И здесь мне хочется отметить одно наблюдение: редко кто из тыловиков нашей дивизии шел работать после увольнения на должности, так или иначе связанные с материальными ценностями, т.к. они представляли, что это такое. И, наоборот, офицеры других служб пробовали себя в этом качестве, полагая, видимо, что не боги горшки лепят. В итоге один еле выпутался с должности начпрода (какой он начпрод, если всю жизнь проработал в моботделе) военного госпиталя, другой до самой смерти радовался, что успел «соскочить живым» с должности начальника снабжения меховой фабрики, третий что-то выплачивал за недостачу имущества высокогорному катку «Медео», где он немного поработал… А мой приятель полковник Соколов быстренько выскочил сначала из окружного военторга, а потом и с должности начальника управления парками города. А Феликсу Басину за то, что мешал воровать в том же парке, устроили «подставу», и он 3 или 4 месяца отсидел в КПЗ, пока его не оправдали по суду.

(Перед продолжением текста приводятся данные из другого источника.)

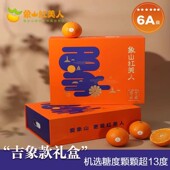 正宗象山红美人柑橘高端礼盒8 12粒随机限量黄金果糖度12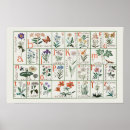 Search for alphabet floral posters Abc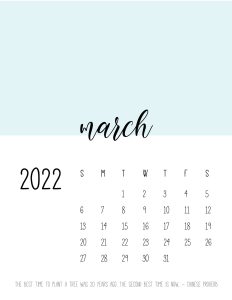 calendario 2022 cores marco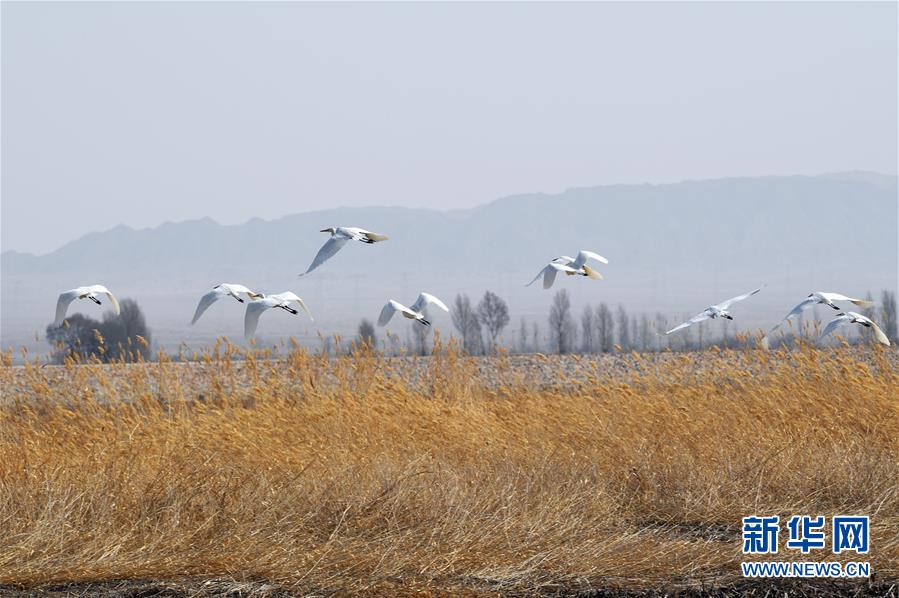  游龍戲鳳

Должен покаяться: пока я не стал командиром части, я не очень уважительно относился к тыловикам (не раз слышал приписываемую Суворову фразу: «Интенданты и прочая сволочь - на левый фланг!»). И когда я познакомился с этим, став командиром части, я просто благодарил бога за то, что у нас в части были крепкие тыловики. А сколько командиров были сняты с должности за то, что проворовался или просто просчитался начпрод или начвещ… Это, так сказать, наблюдение в защиту тыловиков.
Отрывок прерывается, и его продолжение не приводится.